Перечисленные здесь черты все чаще встречаются в сюжетных представлениях советского цирка. Перед нами драматическое действие с сюжетом, развертывающимся в большей или меньшей степени с помощью цирковых выразительных средств, причем в узловых моментах сюжета трюки приобретают обобщенный смысл, образный характер.
ДВИГАТЬСЯ ДАЛЬШЕ
Напомним еще раз: черты нового жанра только складываются. Добрая полусотня сюжетных представлений, поставленных за последние годы, — результат далеко не бесполезных творческих поисков в различных направлениях. Эти поиски позволили нащупать некоторые общие основные приемы, отдельные штрихи. Чтобы раскрылись все творческие возможности жанра, чтобы художественный язык сюжетных цирковых спектаклей мог быть окончательно выработан и отшлифован, этот вид представлений нуждается в поддержке. Сюжетных представлений надо ставить больше и не впадать в панику, если те или иные попытки не завершатся безусловной удачей.
Новый жанр требует, конечно, от мастеров цирка квалифицированной актерской игры. Без нее любые драгоценные находки в сценариях останутся не осуществленными на манеже.

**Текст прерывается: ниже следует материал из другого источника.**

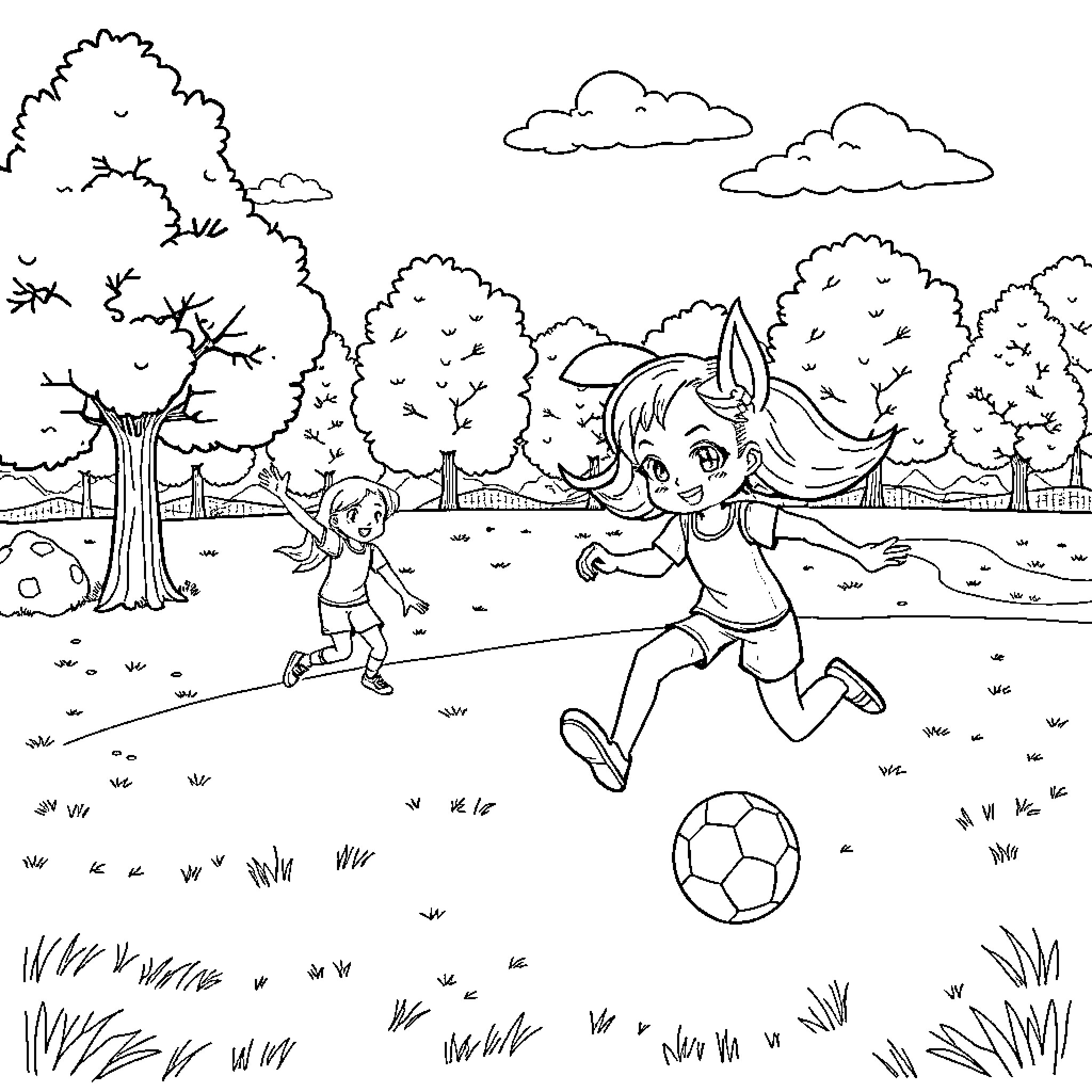 Bluey playing soccer in the park with her friend Coloring Page (free black-and-white line drawing printable PDF for all, from beginners to advanced learners, including children, teens, adults, and seniors)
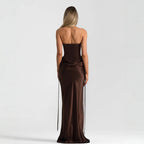 Damen elegantes figurbetontes Abendkleid mit raffiniertem Rüschendesign und verstellbaren Trägern R&B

Совершенствование цирковой драматургии и рост актерского мастерства артистов цирка — две взаимообусловленные стороны одного и того же процесса, и развитие актерской выразительности не только клоунов, но и акробатов, жонглеров, дрессировщиков, всех артистов цирка должно быть неустанной заботой руководства.
В связи с юбилейными годами вопрос о сюжетных представлениях в цирке приобретает особое значение. И почему бы не посвятить этому творческое совещание драматургов и режиссеров цирка? На таком совещании нужен был бы квалифицированный критический обзор — анализ всех вышедших за последнее время пантомим. Второй доклад, не менее интересный, мог бы быть посвящен обзору сценариев, по тем или иным причинам не увидевших света. Проанализировав все сделанное до сих пор, выслушав взаимные претензии и пожелания, легче будет двигаться дальше, сочетая верность традиции со свободой поиска.